Air Deccan, in particular, has shaken up the industry since its launch 18 months ago. It flies chiefly to smaller cities, a strategy that G.P. Gopinath, its founder and managing director, says has given it 10% of the domestic market. Deccan now flies from 32 airports and plans to add 100 new flights every year, with fares as low as 500 rupees.
"I'm doing what the early American pioneers of the railroad did -- open up the country," says Mr. Gopinath, who boasts that his fares are cheaper than a first-class air-conditioned berth on India's huge passenger train network.
Mr. Gopinath believes the new routes will spur growth in poorer, outlying regions -- which happens to be New Delhi's most pressing economic challenge. "I can help this economy explode," he declares.
Experts agree that businesses, particularly tourism, can expect real gains from slashed travel times and new destinations to be serviced by a flock of no-frills airlines scheduled to start this year. "It's going to have a huge effect," says Adil Zainulbhai, a director at McKinsey & Co., in Bombay.

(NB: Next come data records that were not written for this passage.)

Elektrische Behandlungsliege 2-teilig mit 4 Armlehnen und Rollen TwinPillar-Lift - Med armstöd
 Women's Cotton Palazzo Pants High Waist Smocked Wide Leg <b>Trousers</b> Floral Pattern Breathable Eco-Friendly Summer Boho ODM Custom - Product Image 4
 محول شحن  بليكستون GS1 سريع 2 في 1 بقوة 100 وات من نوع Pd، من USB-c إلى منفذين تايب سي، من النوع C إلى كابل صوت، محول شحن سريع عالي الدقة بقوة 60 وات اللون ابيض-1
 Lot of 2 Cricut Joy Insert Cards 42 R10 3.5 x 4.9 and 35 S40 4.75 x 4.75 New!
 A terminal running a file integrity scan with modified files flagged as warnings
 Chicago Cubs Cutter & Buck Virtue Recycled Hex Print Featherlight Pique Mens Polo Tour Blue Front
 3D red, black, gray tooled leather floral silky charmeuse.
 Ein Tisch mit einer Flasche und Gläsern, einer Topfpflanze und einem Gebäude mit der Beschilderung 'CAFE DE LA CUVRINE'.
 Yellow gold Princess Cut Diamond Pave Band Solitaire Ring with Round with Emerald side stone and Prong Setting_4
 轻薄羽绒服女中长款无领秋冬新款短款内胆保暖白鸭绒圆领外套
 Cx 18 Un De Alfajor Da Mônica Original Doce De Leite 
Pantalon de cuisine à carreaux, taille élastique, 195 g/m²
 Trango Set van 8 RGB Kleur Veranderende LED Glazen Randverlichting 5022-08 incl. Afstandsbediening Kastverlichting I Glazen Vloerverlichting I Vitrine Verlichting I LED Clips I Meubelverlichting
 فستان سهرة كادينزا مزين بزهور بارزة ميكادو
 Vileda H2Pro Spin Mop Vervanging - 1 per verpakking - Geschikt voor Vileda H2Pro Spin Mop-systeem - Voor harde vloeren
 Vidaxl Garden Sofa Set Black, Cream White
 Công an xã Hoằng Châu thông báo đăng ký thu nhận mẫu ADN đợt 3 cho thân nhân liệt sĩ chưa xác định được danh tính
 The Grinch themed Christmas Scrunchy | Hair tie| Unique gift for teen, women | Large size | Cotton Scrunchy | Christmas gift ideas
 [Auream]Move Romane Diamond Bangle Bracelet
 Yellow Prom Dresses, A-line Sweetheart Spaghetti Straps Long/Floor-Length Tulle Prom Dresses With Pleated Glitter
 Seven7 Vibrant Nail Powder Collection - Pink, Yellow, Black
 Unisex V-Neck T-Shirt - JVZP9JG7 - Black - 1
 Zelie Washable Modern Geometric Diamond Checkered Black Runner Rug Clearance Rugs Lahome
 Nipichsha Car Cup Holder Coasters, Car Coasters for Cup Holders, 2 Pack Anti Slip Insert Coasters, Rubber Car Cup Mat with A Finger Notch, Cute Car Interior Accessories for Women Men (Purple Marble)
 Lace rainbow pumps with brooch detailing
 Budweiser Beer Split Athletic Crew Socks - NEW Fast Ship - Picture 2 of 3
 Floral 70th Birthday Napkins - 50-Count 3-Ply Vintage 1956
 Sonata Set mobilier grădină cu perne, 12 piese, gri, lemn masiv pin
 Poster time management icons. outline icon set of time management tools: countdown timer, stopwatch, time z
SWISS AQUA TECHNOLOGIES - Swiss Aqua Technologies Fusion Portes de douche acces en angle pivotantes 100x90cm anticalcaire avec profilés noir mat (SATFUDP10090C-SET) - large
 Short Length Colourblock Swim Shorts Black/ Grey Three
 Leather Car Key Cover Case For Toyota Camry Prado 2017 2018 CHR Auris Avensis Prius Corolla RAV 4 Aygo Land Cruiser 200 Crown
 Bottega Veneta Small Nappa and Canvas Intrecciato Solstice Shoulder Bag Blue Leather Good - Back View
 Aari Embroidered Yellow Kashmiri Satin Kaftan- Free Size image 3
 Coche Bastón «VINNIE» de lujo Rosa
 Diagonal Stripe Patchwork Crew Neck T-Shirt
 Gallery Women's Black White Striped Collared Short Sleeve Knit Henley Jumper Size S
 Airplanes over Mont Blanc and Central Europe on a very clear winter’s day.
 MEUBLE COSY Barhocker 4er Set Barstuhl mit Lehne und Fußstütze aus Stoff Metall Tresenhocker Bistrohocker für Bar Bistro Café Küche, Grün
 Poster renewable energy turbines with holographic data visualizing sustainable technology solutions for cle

Indeed, hotelier Muhummed Kuamruddin aims to add 20 or 30 rooms, on three new floors, to his seven-room inn to meet growing tourist demand after foreign airlines started flying to Bodhgaya, a town in poor Bihar state where Buddha reputedly attained enlightenment. Changes in Indian aviation have "been great for business," Mr. Kuamruddin says.
Still, some significant problems mar the rosy outlook. The biggest one: rundown aviation infrastructure and retrograde airport services. Terminals at gateway airports like New Delhi and Bombay are shabby, crowded and chaotic. Nearly every aspect of airport services, from runway maintenance to air traffic control and baggage handing, needs huge upgrades to cope with the increased demand.
"Our infrastructure is abysmal. It's almost saturated even now," says Kapil Kaul, who heads the New Delhi office of the Center for Asia Pacific Aviation. "That lack is going to be a key determinant of how much growth actually happens."
The government has earmarked $3 billion to upgrade the country's main gateway airports at Bombay and New Delhi, and as much as $300 million to build new airports at Bangalore and Hyderabad. Significant upgrades also have been promised to more than a dozen smaller airports.
The need is urgent, says McKinsey's Mr. Zainulbhai. "Every element of infrastructure for aviation in India is going to be stretched over the next three years," he says.
Another obstacle is New Delhi's reluctance to privatize Air India and Indian Airlines, preferring the politically less-sensitive strategy of rebuilding their fleets to give them a chance against private competition.
Moreover, the government's policy of barring investment in domestic airlines by foreign carriers is depriving the aviation sector of vital capital, say industry experts. Foreign airlines have long argued against the policy, but Mr. Kaul predicts it's not going to change soon.